Si muchos temen adentrarse en el universo del mate por malas experiencias o por creencias populares, cuando se da el paso, es difícil prescindir de su mate !
Después de iniciarse en la bebida, su ritual y sus beneficios, ¡uno se arrepiente de no haber descubierto el mate antes!
Pero entonces, ¿cuáles son las señales de que uno es un verdadero adicto al mate?
Índice
Raras veces sales sin tu mate
Senderismo, ¡pero nunca sin su mate!
¿Qué hace al mate tan único en su género?
Sin duda su equipo tan particular y el ritual casi ceremonial que rodea la preparación de la bebida. Aún poco conocido en Francia, pasear con tu kit mate inevitablemente suscitará muchas preguntas a tu alrededor y muchas miradas curiosas se posarán en ti.
Entonces sí, eres un verdadero matero si te enorgullece lucir en cualquier circunstancia tu magnífica calabaza acompañada de su termo para mate (evidentemente).
Compartes tu mate por todos lados
¡Sí, sí y otra vez sí! El mate es compartir y tú lo tienes claro. Así que cada vez que te reúnes con amigos o familia, ¡tienes que hacerles probar tu mate!
Por supuesto, a menudo te topas con comentarios como: “No sé, me dijeron que es amargo…” o “Ya lo probé, no soy muy fan si no recuerdo mal”. Por suerte, hoy tienes la réplica fácil: “Pero no, esto es un mate YVY, ¡es diferente!”.
Lo lograste y estás orgulloso de haber conseguido un nuevo adepto.
Eres imbatible en el universo del mate
Una calabaza de mate tradicional
Calabaza, bombilla, matero, yerba y demás, todo el vocabulario del mate ya no tiene secretos para ti. La cultura sudamericana te apasiona cada vez más y hasta piensas en ir a conocer a los gauchos, pisar la tierra del mate e impregnarte de esa cultura para siempre.
Incluso empiezas a plantearte apuntarte a un curso de español para impresionar a todos tus amigos en las próximas reuniones.
Empiezas a replantearte tu consumo de café
¿Tu mayor arrepentimiento? No haber descubierto el mate antes, y eso te enfurece hasta el máximo. Empiezas a recordar los cientos de litros de mal café que has ingerido todos esos años para darte energía (a veces de más), en detrimento de tu salud.
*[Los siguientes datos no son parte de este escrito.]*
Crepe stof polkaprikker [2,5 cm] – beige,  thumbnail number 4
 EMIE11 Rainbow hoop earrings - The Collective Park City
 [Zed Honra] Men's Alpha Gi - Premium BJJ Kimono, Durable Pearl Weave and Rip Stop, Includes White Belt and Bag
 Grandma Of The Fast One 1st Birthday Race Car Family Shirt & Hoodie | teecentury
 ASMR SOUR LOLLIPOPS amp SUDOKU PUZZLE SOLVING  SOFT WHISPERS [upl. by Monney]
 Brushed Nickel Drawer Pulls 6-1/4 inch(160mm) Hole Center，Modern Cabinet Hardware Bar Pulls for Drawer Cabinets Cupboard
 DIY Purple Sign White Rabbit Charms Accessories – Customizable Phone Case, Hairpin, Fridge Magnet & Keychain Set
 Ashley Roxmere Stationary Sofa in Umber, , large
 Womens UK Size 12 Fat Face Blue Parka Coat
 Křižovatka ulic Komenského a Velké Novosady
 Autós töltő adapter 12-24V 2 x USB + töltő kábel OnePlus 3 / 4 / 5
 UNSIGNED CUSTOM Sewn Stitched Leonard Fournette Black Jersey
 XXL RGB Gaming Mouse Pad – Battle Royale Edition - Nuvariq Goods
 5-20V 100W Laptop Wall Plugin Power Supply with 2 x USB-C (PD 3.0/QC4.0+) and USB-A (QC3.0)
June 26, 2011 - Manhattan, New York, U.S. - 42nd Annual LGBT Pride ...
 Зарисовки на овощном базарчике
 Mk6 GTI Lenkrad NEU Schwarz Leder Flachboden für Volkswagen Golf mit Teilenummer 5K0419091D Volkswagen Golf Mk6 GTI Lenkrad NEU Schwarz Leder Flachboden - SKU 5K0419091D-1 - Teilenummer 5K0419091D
Hoy no entiendes cómo alguien puede seguir bebiendo eso, salvo para darse un gusto con un gran tueste de vez en cuando.
Porque sí, puedes ser un verdadero matero y apreciar los sabores de un buen café.
Te pones nervioso cuando tocan la bombilla
¿Cuántas veces, cuando le ofreces un mate a un amigo por primera vez, lo has visto remover la bombilla en la calabaza? No hay nada más irritante que ver tu hermosa preparación transformarse en una vulgar sopa…
Lo entiendes e interiorizas: ahora, antes incluso de pasar la preciosa calabaza, adviertes: “No se toca la bombilla!!”.
Además, te sirve para darle una pequeña clase sobre el arte del mate, ¡y eso siempre es agradable!